- Education: University of Malawi et al
- Occupation: politician
- Employer(s): National Bank of Malawi, NOCMA
- Known for: member of parliament for Nsanje Lalanje

= Gladys Ganda =

Malawian politician

Gladys Ganda is a Malawian politician who was appointed as a Presidential advisor. She was a member of parliament for Nsanje Lalanje in Malawi and the Democratic Progressive Party. She was elected to chair parliament's Budget and Finance Committee in 2020. She lost her seat in the 2025 election.

==Life==
Ganda attended the Chancellor College of the University of Malawi which is in Zomba and graduated with a BSc. She later went to Cape Town in South Africa to study for her MBA. She had a career inside the Bank of Malawi that lasted twenty years.

Ganda was an unsuccessful parliamentary candidate in 2017. She was the deputy CEO of NOCMA (the National Oil Company of Malawi.)

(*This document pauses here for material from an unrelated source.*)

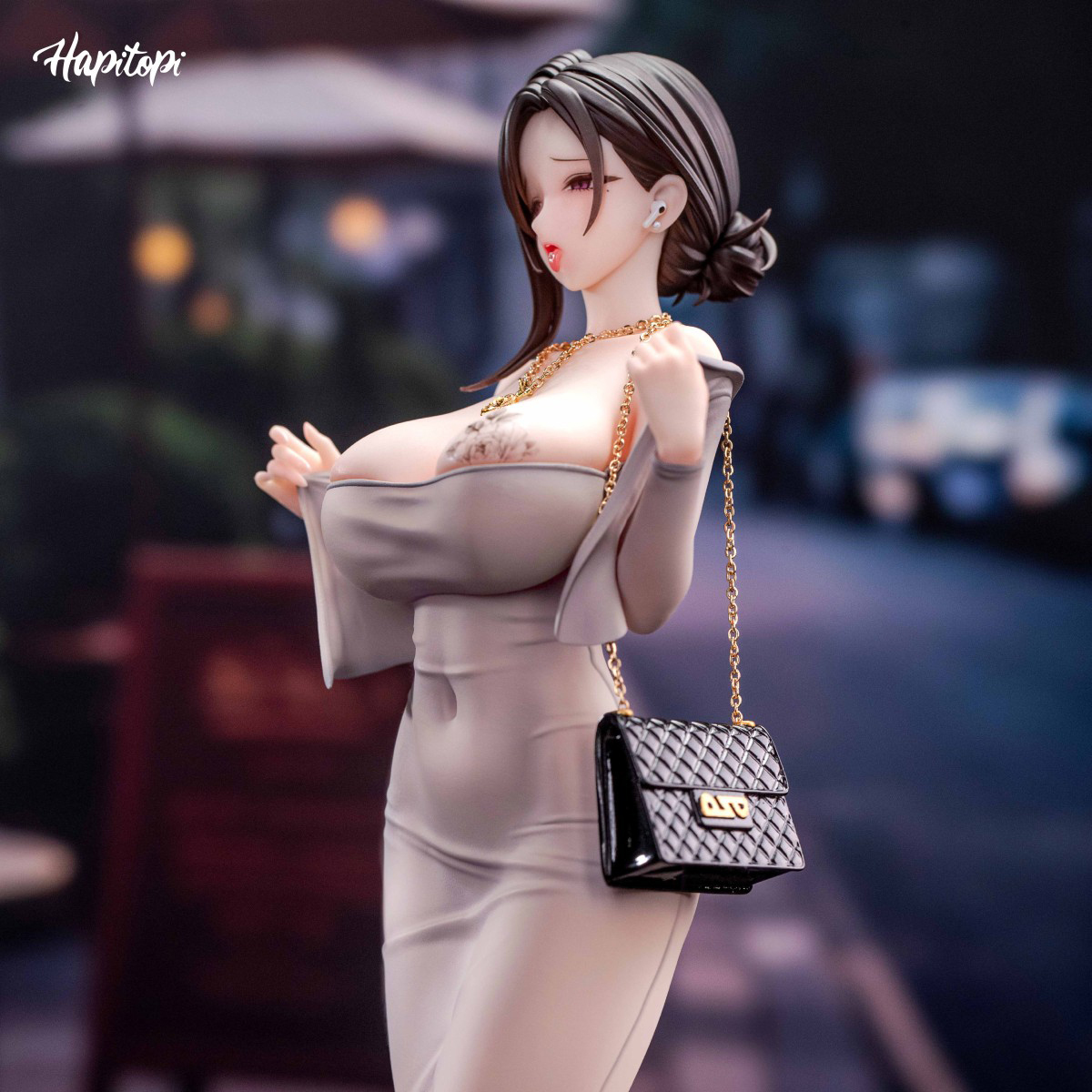 【蚊子模玩】代购定金 东滩 吐舌脸 Hapitopi Kpring 手办女雕像 - 图1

She stood again and in 2019 she became the member of parliament for the Nsanje Lalanje constituency. She was one of three women who took parliamentary seats in the Nsanje District which is the most southern region in Malawi. She took the Nsanje Lalanje constituency while Eurita Valeta won the South West constituency and Esther Mcheka Chilenje became the MP for Nsanje North. This was seen as a victory because of a nationwide target to achieve a 50:50 representation for women in parliament. This was achieved in Nsanje District because there were five constituencies and 60% of them were represented by women.

In 2020, Sosten Gwengwe resigned as chair of parliament's Budget and Finance Committee as that committee was intended to be led by a person whose party is not in government. Ganda was elected to the chair by the committee. She is only the second woman to lead this committee which is created by the constitution. The Budget and Finance Committee has a wide range of oversight into the nation's budgets, spending and government borrowing and it advices the respective ministry.

In August 2024 she became the DPP's elected Director of Elections. In September 2024 she had to be supported by her party after she apologised for comments she had made. She was demoted to be a Presidential adviser after an event in Sorjin where she praised the wrong person. She was fired after less than four weeks as the Director of Elections. Firing an elected politician raised some criticism. She made a full and public apology to the DPP, the President and the electorate.

She is a member the Malawi Parliamentary Women's Caucus which is an association of the women in parliament. In 2019 just 20% of the parliament were women. She lost her seat in the 2025 election to Karim Bilah Abdu who was an Independent.